Secretary of War Pete Hegseth lifted the suspension of U.S. Army pilots involved in a helicopter flyover at Kid Rock's Nashville mansion, and he found an unlikely ally: Sen. Mark Kelly.

Hegseth posted on X Tuesday afternoon with a message that left no room for ambiguity. "US Army pilots suspension lifted. No punishment. No investigation. Carry on, patriots."

The Army aircrew had been suspended from flight duties pending an investigation into Saturday's helicopter stunt. That investigation is now dead. The Department of War pointed Fox News Digital to Hegseth's post as its official statement on the matter.

Then came the surprise. Kelly, a Democrat from Arizona and veteran Navy pilot, told MSNBC's Willie Geist on Wednesday's "Morning Joe" that he agreed with the outcome, if not the messenger.

"I'm not a Kid Rock fan. You know, I — at the same time, I mean, I don't see why we would, you know, punish these guys."

A rare moment of honesty

Kelly's comments are notable precisely because he has spent months feuding with Hegseth. The two have traded barbs after Kelly participated in a video alongside other Democratic lawmakers urging military members to refuse to carry out "illegal" orders under the Trump administration. In January, Kelly sued Hegseth and the Department of War over efforts to demote him and cut his retirement pay for his role in that video. The federal lawsuit, filed in Washington, D.C., names Hegseth, the Navy, the Department of Defense (now renamed the War Department), and Navy Secretary John Phelan as defendants.

So this is not a man inclined to hand Hegseth a win. Which makes what he said next worth paying attention to.
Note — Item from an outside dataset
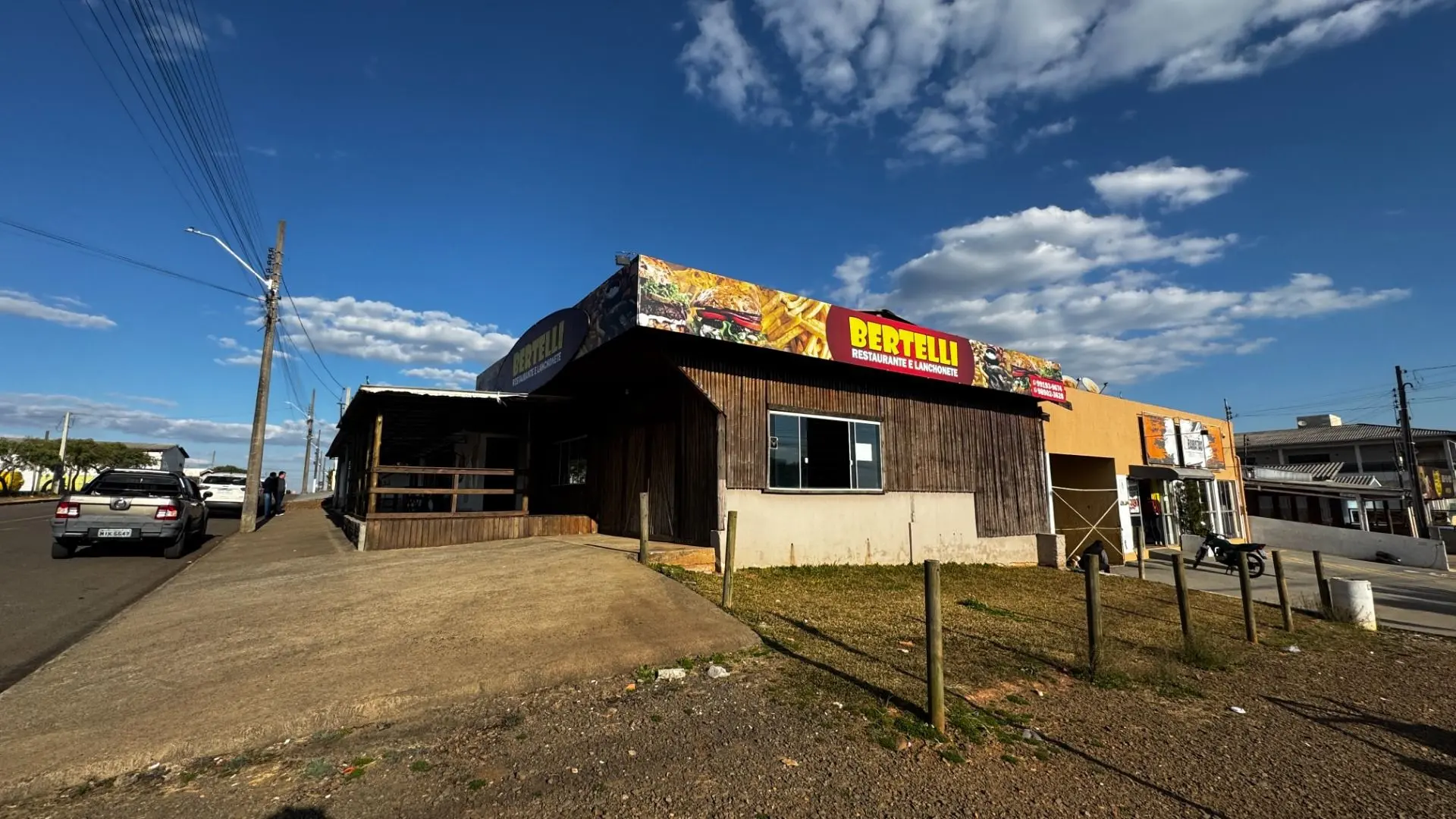 Imóvel comercial  à venda, 450 m² por R$ 1.000.000 - São MIGUEL - Fraiburgo/SC — foto 1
"Some, you know, young pilots in — whether it's an Apache or there were times, you know, I did stuff in airplanes that probably wasn't the smartest thing to do."
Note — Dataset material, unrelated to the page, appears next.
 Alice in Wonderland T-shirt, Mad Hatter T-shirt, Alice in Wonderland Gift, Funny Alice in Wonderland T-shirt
Kelly called the flyover "just kind of a dumb thing to do" and acknowledged the pilots knew they weren't supposed to fly that close to people's homes. But he drew a clear line between dumb and career-ending. "I mean, these are patriots that are serving their country and taking a lot of risks with their own lives."
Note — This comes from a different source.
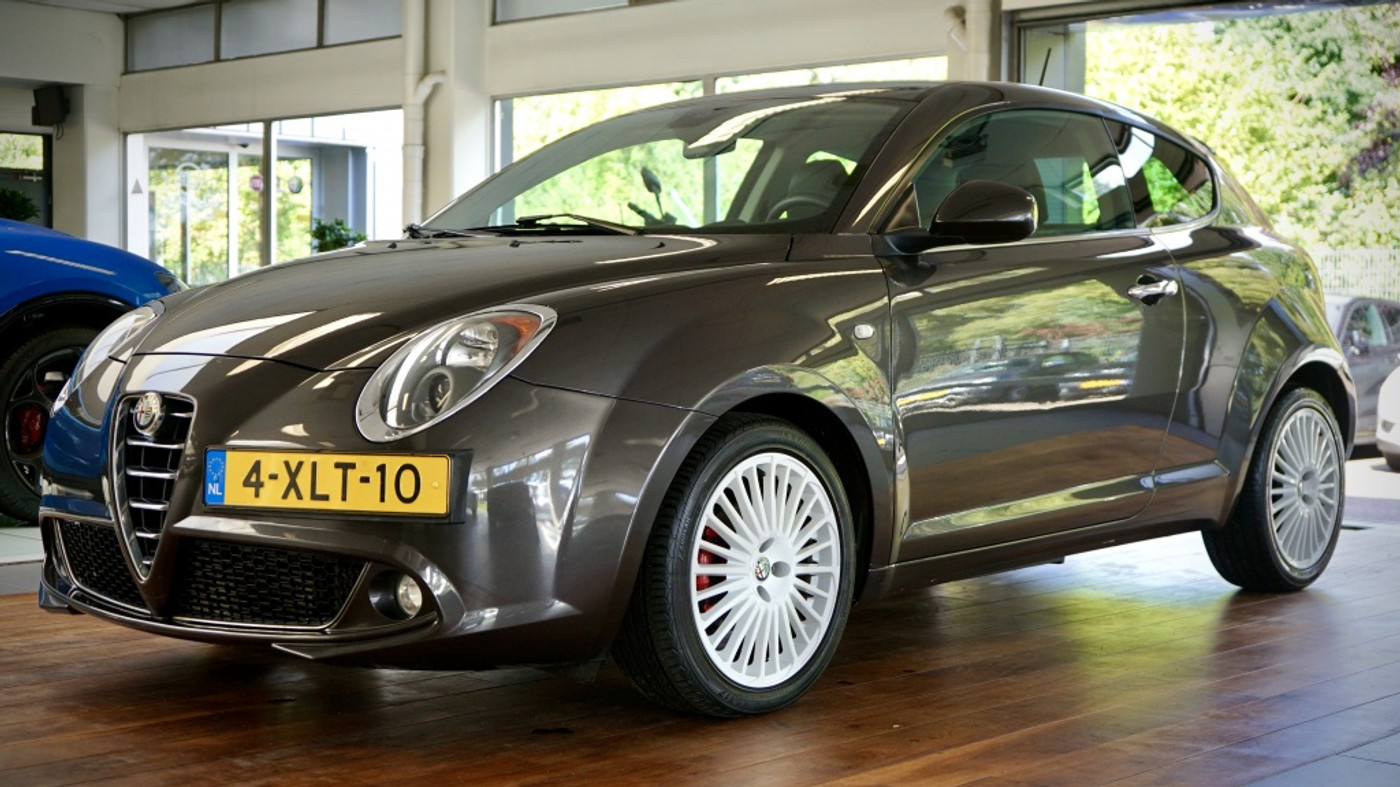 Foto van Alfa Romeo Alfa Mito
The military doesn't need fewer pilots

Here's the thing Kelly stumbled into, whether he intended to or not: the military has a retention problem, not a surplus problem. Grounding young aviators or ending their careers over a flyover stunt that harmed no one sends exactly the wrong signal at exactly the wrong time. These are trained pilots, expensive to produce and difficult to replace. The idea that the proper institutional response is to crush them for buzzing a celebrity's house on a Saturday is the kind of bureaucratic reflex that drives capable people out of uniform.

Hegseth understood this instinctively. His post opened with "Thank you, Kid Rock" and closed with "Carry on, patriots." Direct. No committee. No months-long review process exists primarily to protect the institution from criticism rather than to achieve any meaningful disciplinary outcome.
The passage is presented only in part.